Born on February 8, 1955 in Jonesboro, Arkansas, to a construction worker and a homemaker, John Grisham as a child dreamed of being a professional baseball player. Realizing he didn't have the right stuff for a pro career, he shifted gears and majored in accounting at Mississippi State University. After graduating from law school at Ole Miss in 1981, he went on to practice law for nearly a decade in Southaven, specializing in criminal defense and personal injury litigation. In 1983, he was elected to the state House of Representatives and served until 1990.
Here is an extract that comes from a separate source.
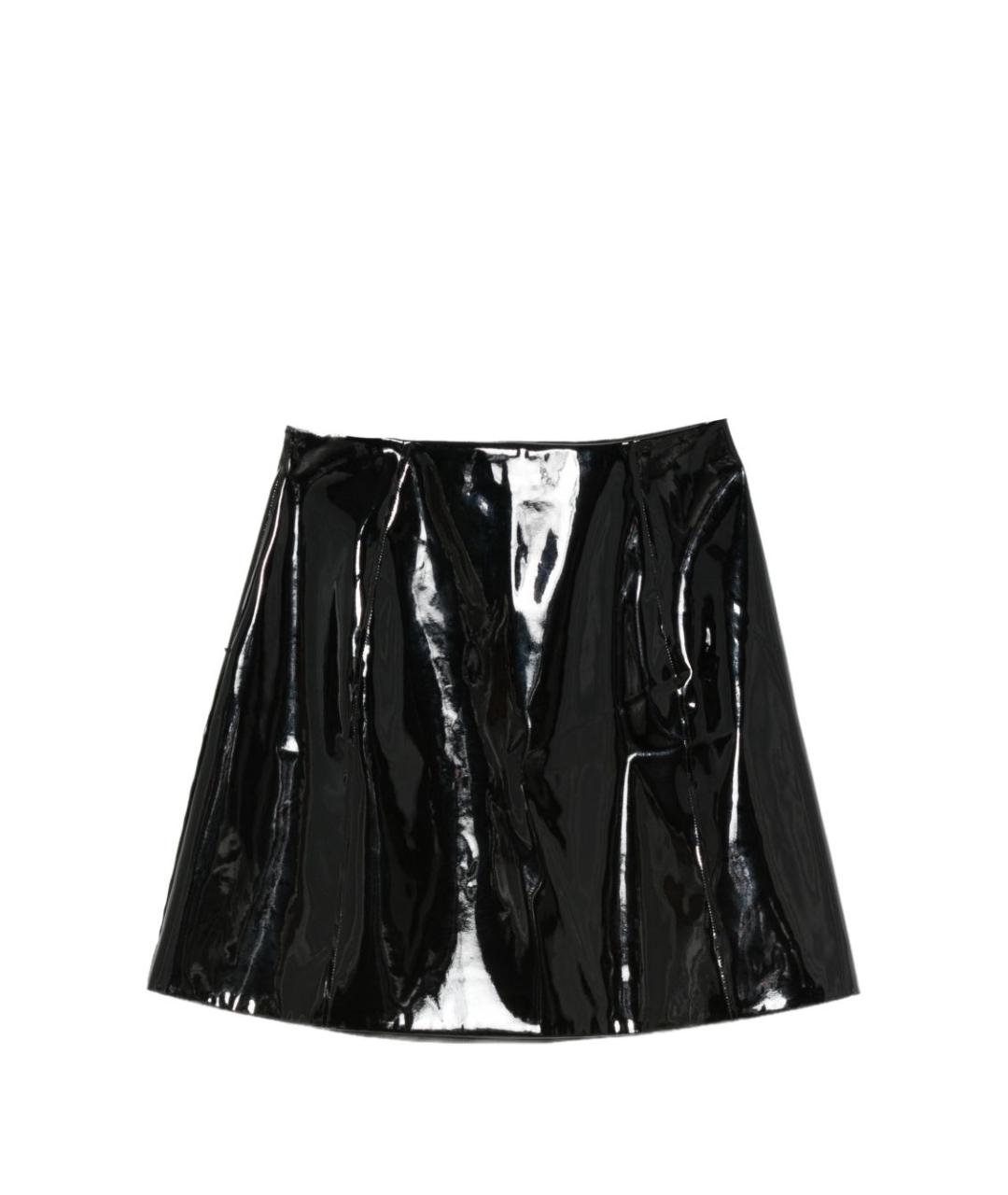 EMPORIO ARMANI Черная полиэстеровая юбка мини, фото 2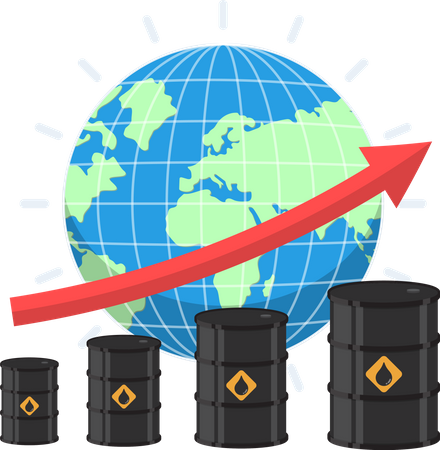 Economía de la industria petrolera  Ilustración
One day at the Dessoto County courthouse, Grisham overheard the harrowing testimony of a twelve-year-old rape victim and was inspired to start a novel exploring what would have happened if the girl's father had murdered her assailants. Getting up at 5 a.m. every day to get in several hours of writing time before heading off to work, Grisham spent three years on A Time to Kill and finished it in 1987. Initially rejected by many publishers, it was eventually bought by Wynwood press, who gave it a modest 5,000 copy printing and published it in June 1988.
That might have put an end to Grisham's hobby. However, he had already begun his next book, and it would quickly turn that hobby into a new full-time career-and spark one of publishing's greatest success stories. The day after Grisham completed A Time to Kill, he began work on another novel, the story of a hotshot young attorney lured to an apparently perfect law firm that was not what it appeared. When he sold the film rights to The Firm to Paramount Pictures for $600,000, Grisham suddenly became a hot property among publishers, and book rights were bought by Doubleday. Spending 47 weeks on The New York Times bestseller list, The Firm became the bestselling novel of 1991.
The successes of The Pelican Brief, which hit number one on the New York Times bestseller list, and The Client, which debuted at number one, confirmed Grisham's reputation as the master of the legal thriller. Grisham's success even renewed interest in A Time to Kill, which was republished in hardcover by Doubleday and then in paperback by Dell. This time around, it was a bestseller.
Since first publishing A Time to Kill in 1988, Grisham has written one novel a year (his other books are The Firm, The Pelican Brief, The Client, The Chamber, The Rainmaker, The Runaway Jury, The Partner, The Street Lawyer, The Testament, The Brethren, A Painted House, Skipping Christmas, The Summons, The King of Torts, Bleachers, The Last Juror, and The Broker) and all of them have become international bestsellers. There are currently over 225 million John Grisham books in print worldwide, which have been translated into 29 languages. Nine of his novels have been turned into films (The Firm, The Pelican Brief, The Client, A Time to Kill, The Rainmaker, The Chamber, A Painted House, The Runaway Jury, and Skipping Christmas), as was an original screenplay, The Gingerbread Man. The Innocent Man (October 2006) marks his first foray into non-fiction.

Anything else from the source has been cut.